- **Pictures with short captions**

########

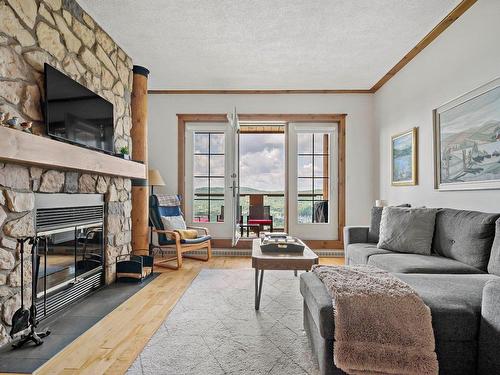 Salon - 6-170 Ch. Des Sous-Bois, Mont-Tremblant, QC - Indoor Photo Showing Living Room With Fireplace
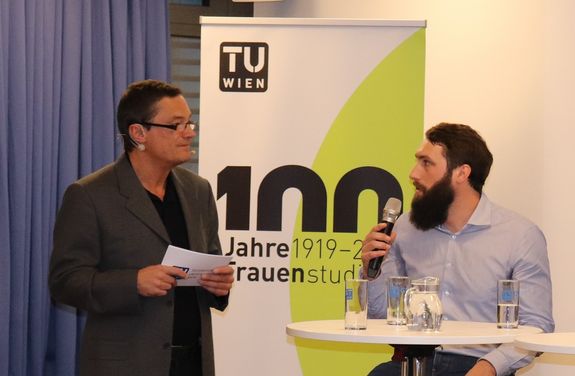 Christoph Kirchberger spricht in ein Mikrofon. Vor ihm ist ein hoher Tisch mit Wassergläsern und einem Wasserkrug. Links von ihm steht Norbert Fiala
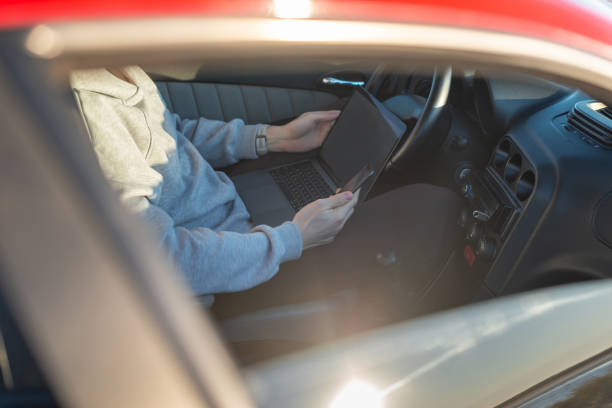istock young man with laptop in car 1350011564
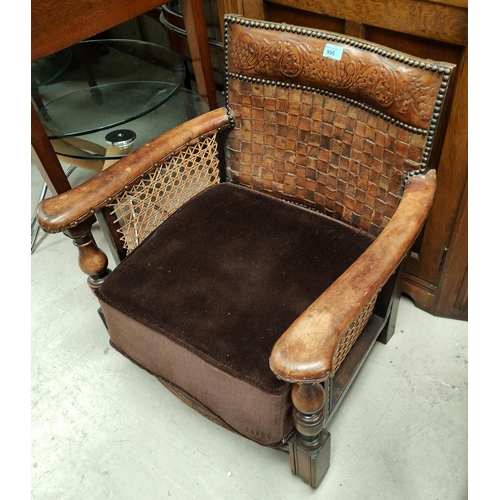 995 - An early Ercol low seat armchair with woven + embossed leather back, cane sides & square legs, w... 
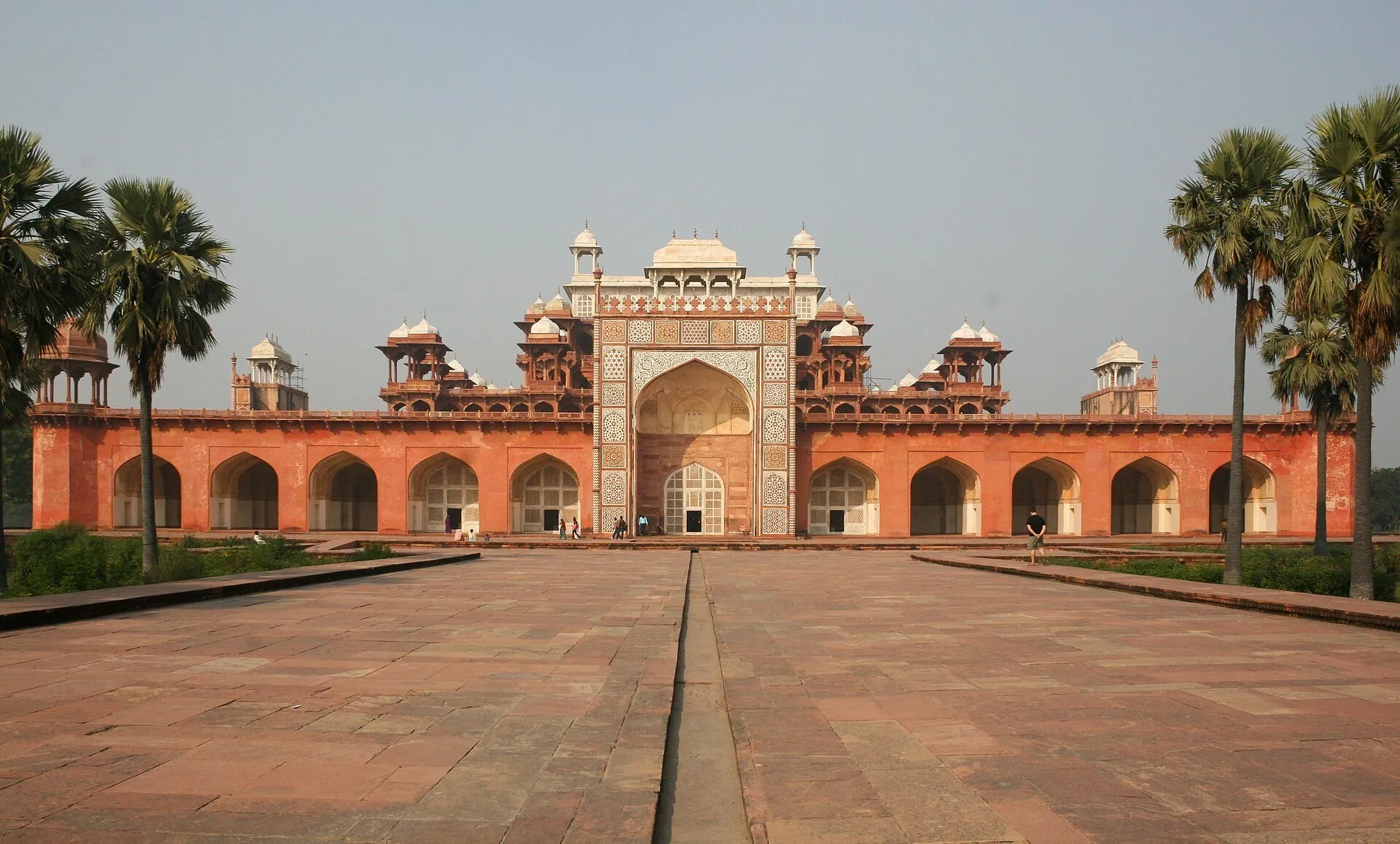 Fachada de la Tumba de Akbar en Sikandra, con patio de arenisca y palmeras a los lados.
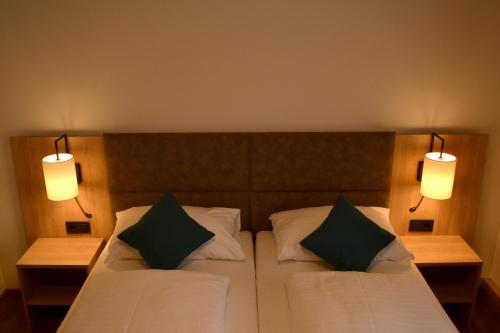 a bedroom with a bed with two pillows and two lights at Gasthof Kranerwirt in Lannach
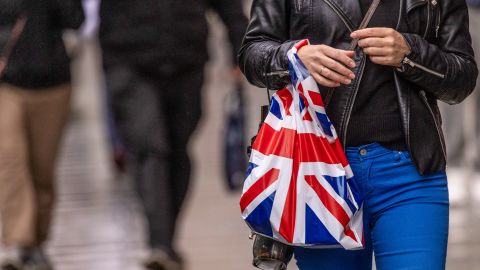 A shopper carries a shopping bag along Oxford Street in central London on Nov. 7, 2022. 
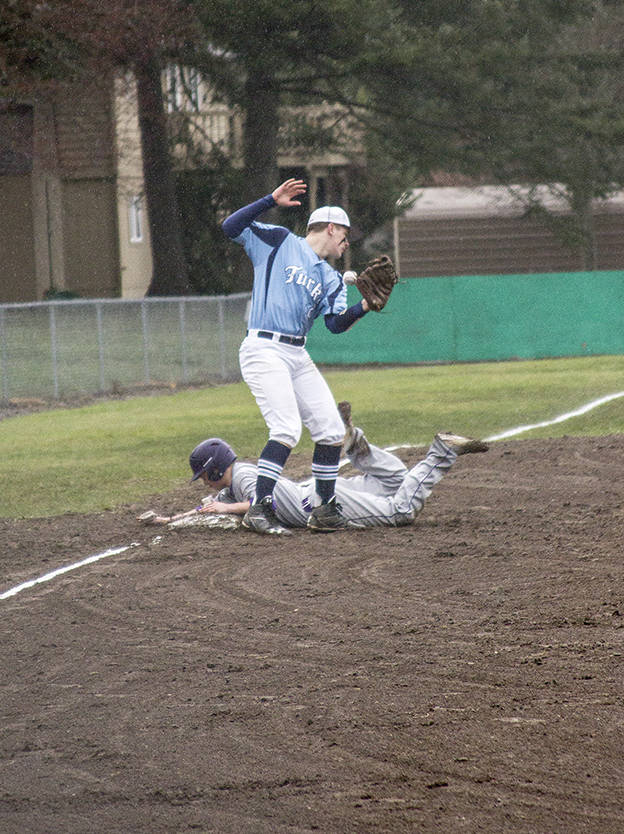 Staff photo/Greg Sellentin                                Nick Herko slides into third base safely.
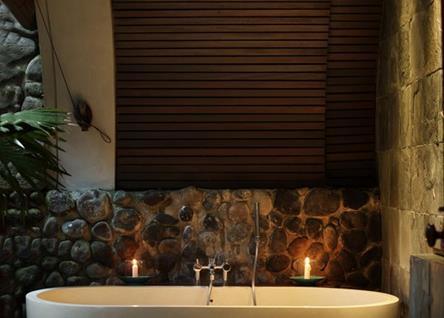 Candlelit stone bath at Alila Ubud spa retreat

########

- **TASK ITEM**
Could you set down, exactly as written, every line from the one with "Fachada de la" to the end of the data, both ends included? Leave out the pictures.

- **ANSWER SPACE**
 Fachada de la Tumba de Akbar en Sikandra, con patio de arenisca y palmeras a los lados.
 a bedroom with a bed with two pillows and two lights at Gasthof Kranerwirt in Lannach
 A shopper carries a shopping bag along Oxford Street in central London on Nov. 7, 2022. 
 Staff photo/Greg Sellentin                                Nick Herko slides into third base safely.
 Candlelit stone bath at Alila Ubud spa retreat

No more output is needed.